To an engineer writing client code to a copyleft-licensed library, their 
client code is probably "obviously independent". But not to a strong 
copyleft license of that library. The Linux kernel has long upheld this. 
Client code becomes covered work.

> The thing that
> is different about AGPLv3 is an additional obligation to provide the
> complete corresponding source code to modified versions of the program
> that are made available over a network to the user(s) of the software.

If by "made available" you mean "conveyed" (as used in the license 
definition) and all of this corresponds to using the functions of 
running object code on someone else's servers, this would be cloud 
copyleft (in my definition).

> Note however that it is NOT required that applications using mongo
> be published. The copyleft applies only to the mongod and mongos
> database programs. This is why Mongo DB drivers are all licensed
> under an Apache license. You application, even though it talks to
> the database, is a separate program and “work”.
> (the typos in the original have been preserved)
>
> My interpretation of their historical position is this: the APLv3 applies
> to the "core database source code", and not to anything that is a separate
> "work". To make it abundantly clear that AGPLv3 obligations do not 
> propagate
> to other works, like applications that connect to the database, they
> published Apache v2 licensed drivers. My personal position is that this
> is not strictly necessary, but it's nice to have that clarity from the
> producer of a AGPLv3 licensed program.

Yes, different problem though. Just because the AGPL doesn't cut it for 
MongoDB's business model (it can't distinguish between 
users-who-might-become-customers and the hyperscalers) doesn't mean the 
license is broken. All single-vendor open source cloud infrastructure 
COMPONENT providers have this problem and need permissively license 
shims to not shy users-to-be-customers away.

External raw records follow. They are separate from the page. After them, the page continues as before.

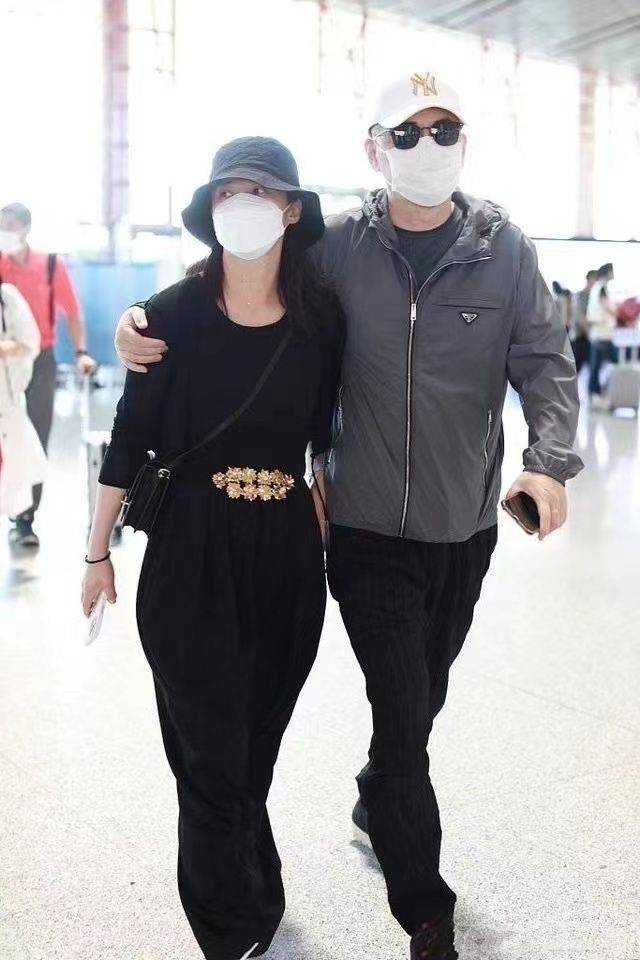 一身 陈建斌两口子走机场,蒋勤勤穿一身黑好显嫩,站一起不像只差5岁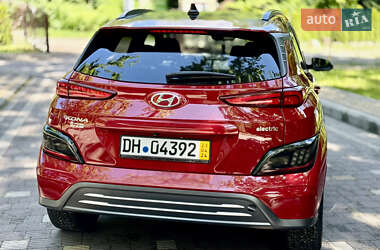 Внедорожник / Кроссовер Hyundai Kona Electric 2022 в 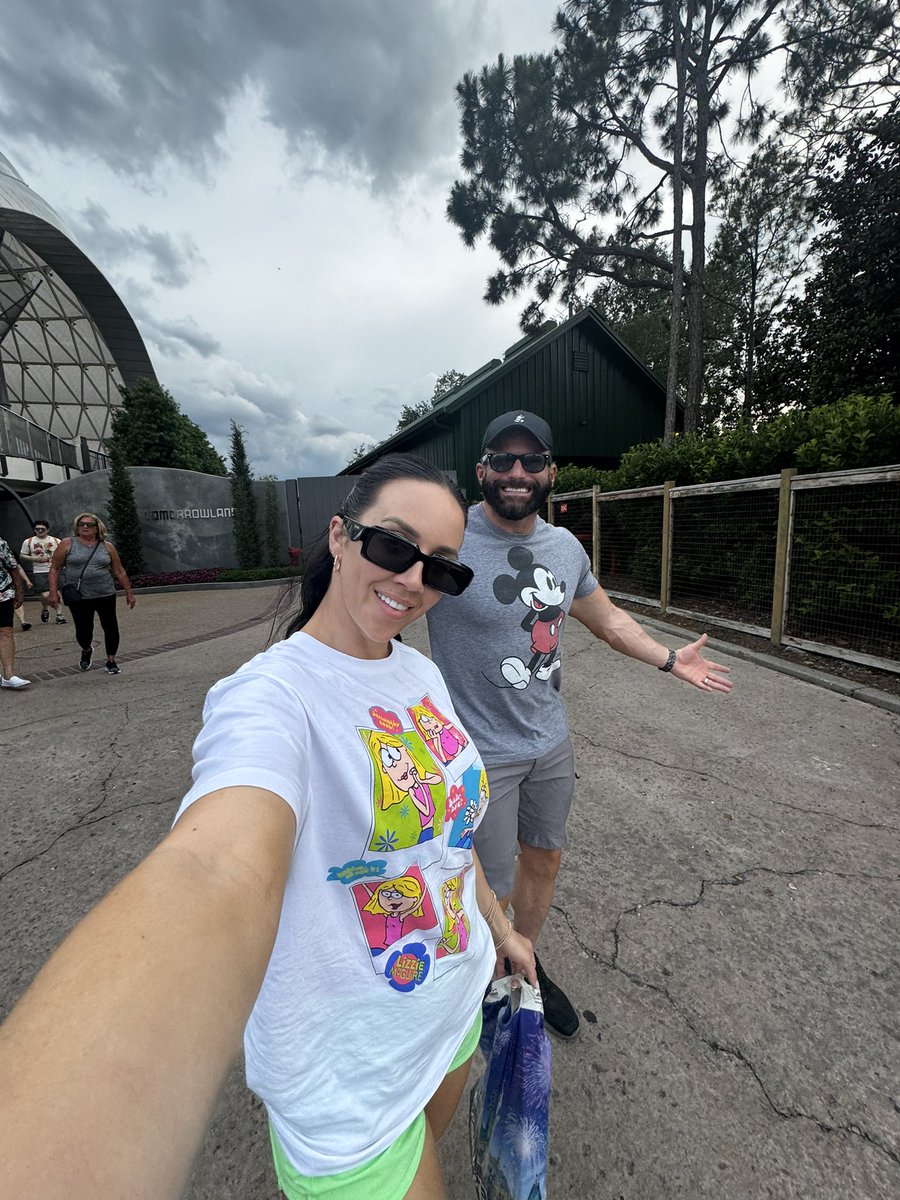 CHELSEA GREEN tweet media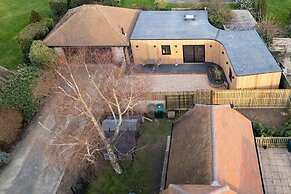 Modern 2-bed Cabin Near West Wittering Beach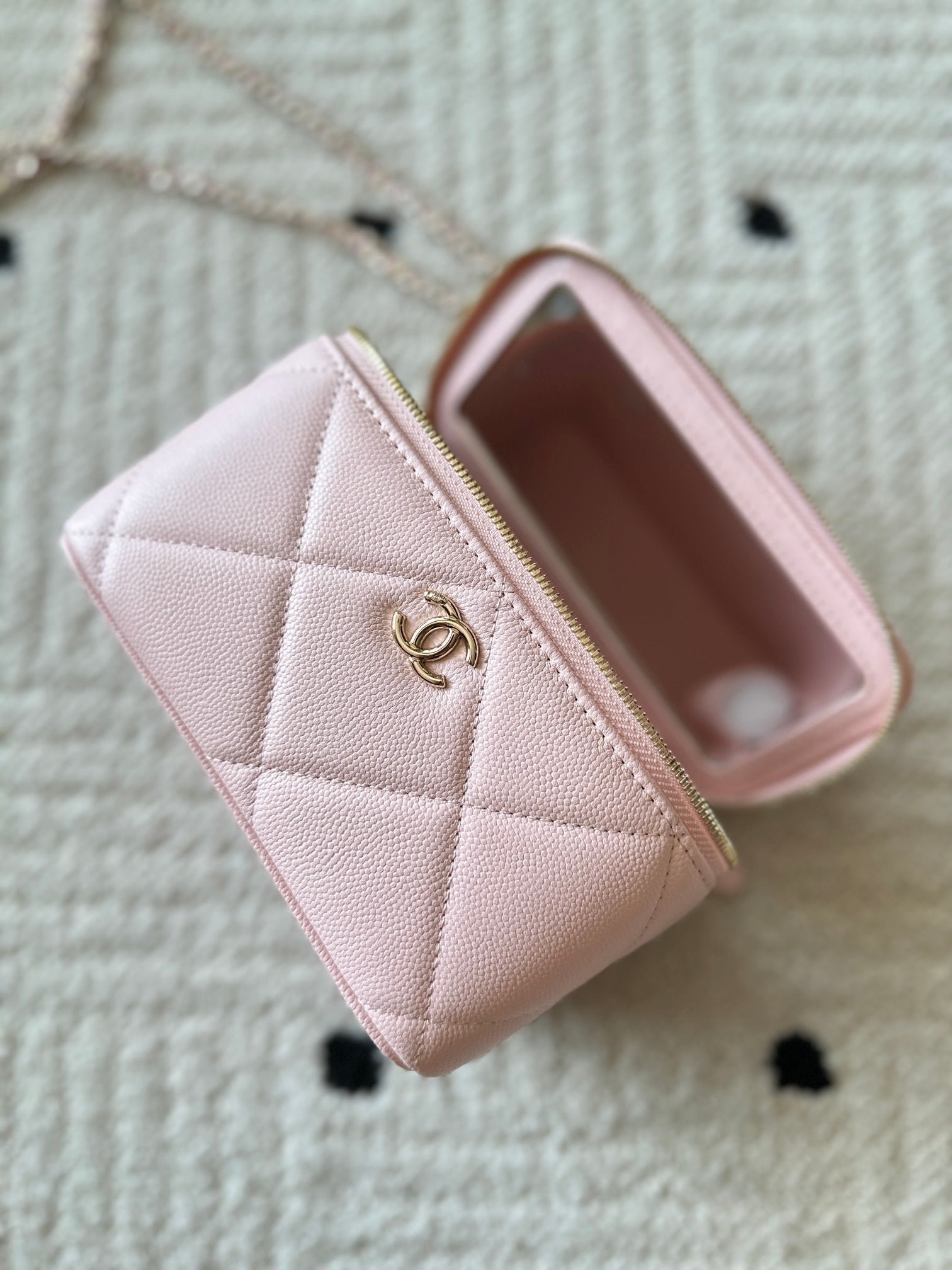CHANEL 25S VANITY BAG 17 IN LIGHT PINK CAVIAR LEATHER WITH GOLD HARDWARE - Image 5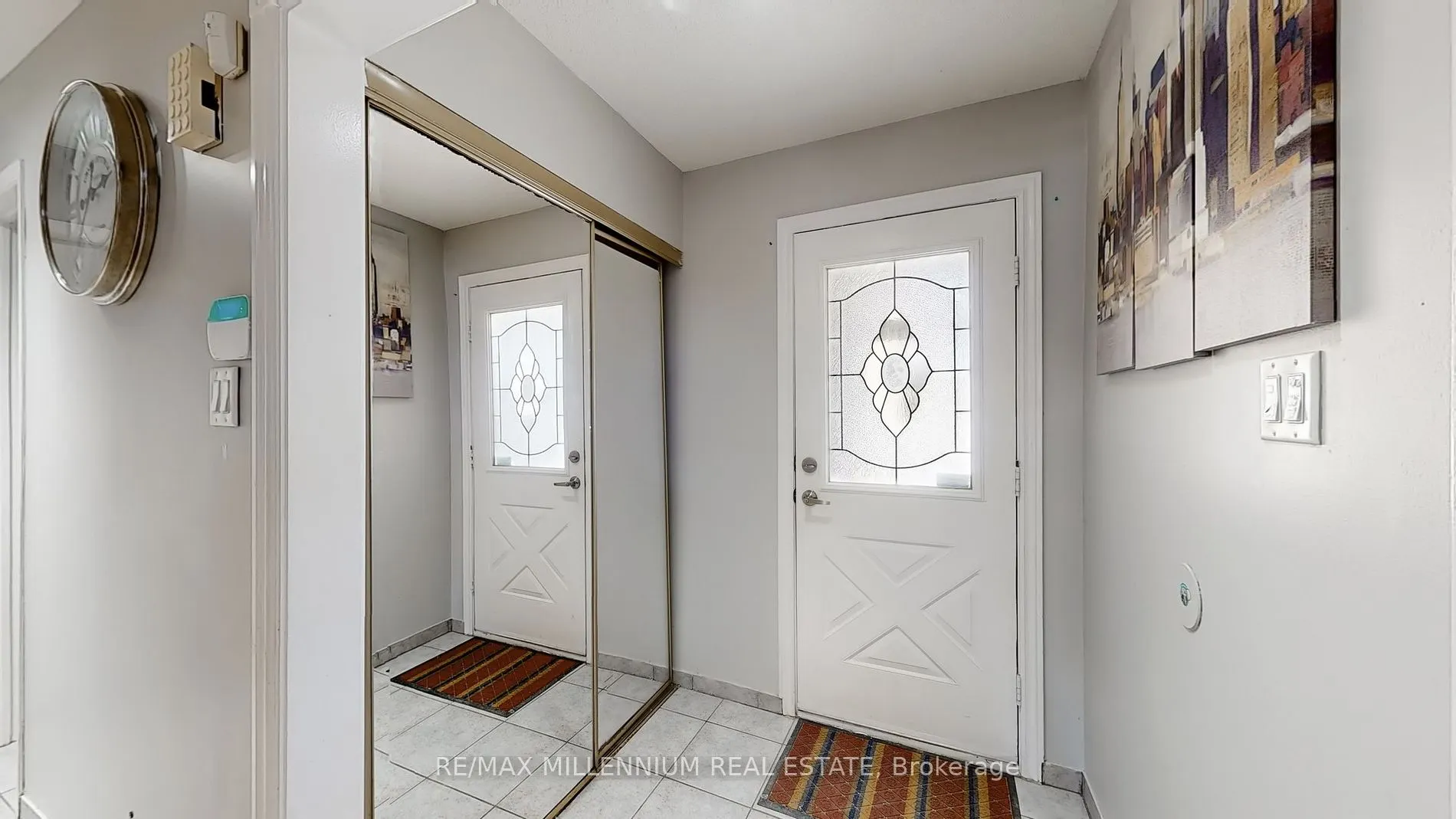27 Dundalk Cres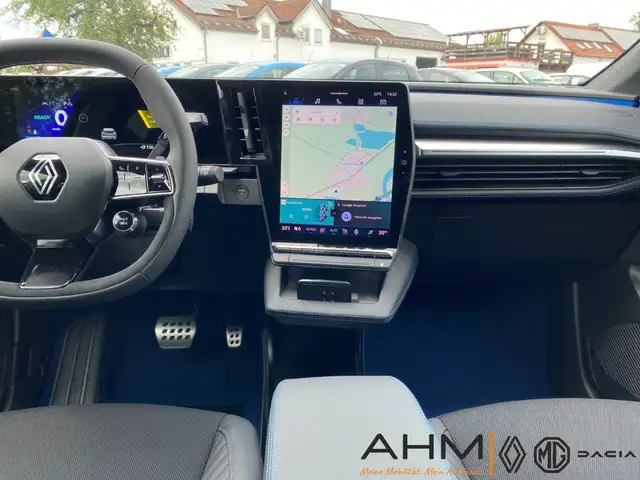 Renault Scenic view 16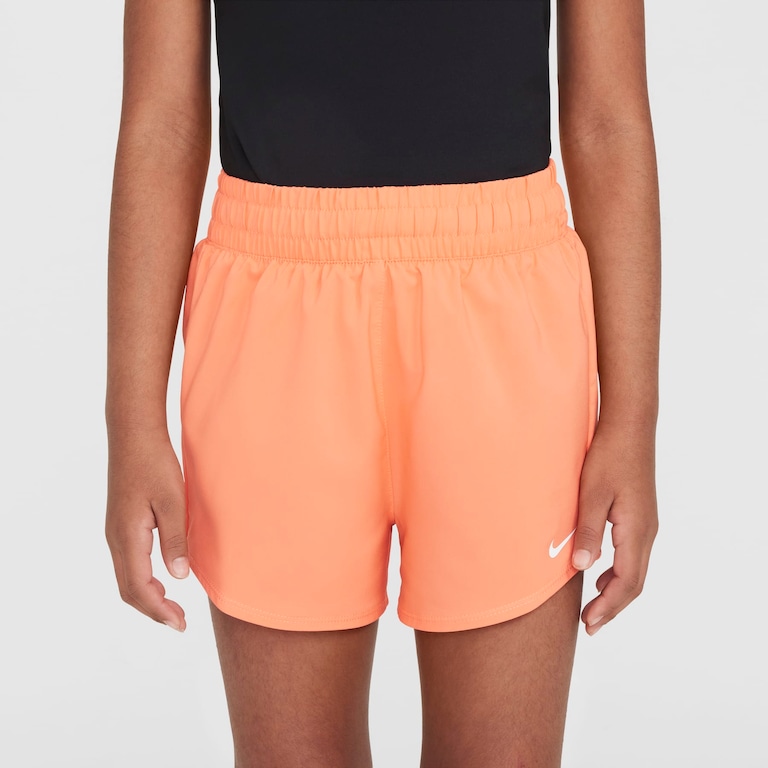 Shorts Nike Dri-FIT One Woven Infantil - Foto 2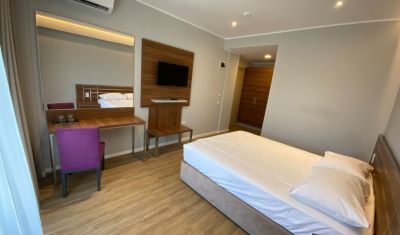 Imagine pentru Hotel Rhodos 3* valabile pentru Litoral 2025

Very different from the 
original single-vendor open source APPLICATION providers who originally 
created this IP strategy and who didn't need permissively licensed 
decoupling layers.

> In my personal view, the narrative that AGPLv3 is defective is a 
> flawed one.
> AGPLv3 is apparantly functional for its purpose: to give clear 
> permission to
> offer FOSS as a service (one among many useful purposes), as long as you
> fulfill the obligations (importantly, to provide the complete 
> corresponding
> source for a modified version to those who can access the program over
> the network).

Interesting. My point resp. my original assumption: The AGPL is just fine.

We only seem to differ in what is covered code. Which means I'm more 
confused now ;-)

My current state of thinking. The AGPL works as intended, however, 
because it does not allow the vendors of the currently dominant 
commercial open source paradigm to achieve their business goal, it has 
been dismissed off-hand. The IP strategy of the vendors should have been 
dismissed, not the license.

There are some negative consequences of this confusion: Application 
vendors who could open source choose to go directly to source-available. 
Example on my mind: GitButler; could have been plain AGPL, is SSPL.

Enjoyable as always. Hope there will be a resolution though.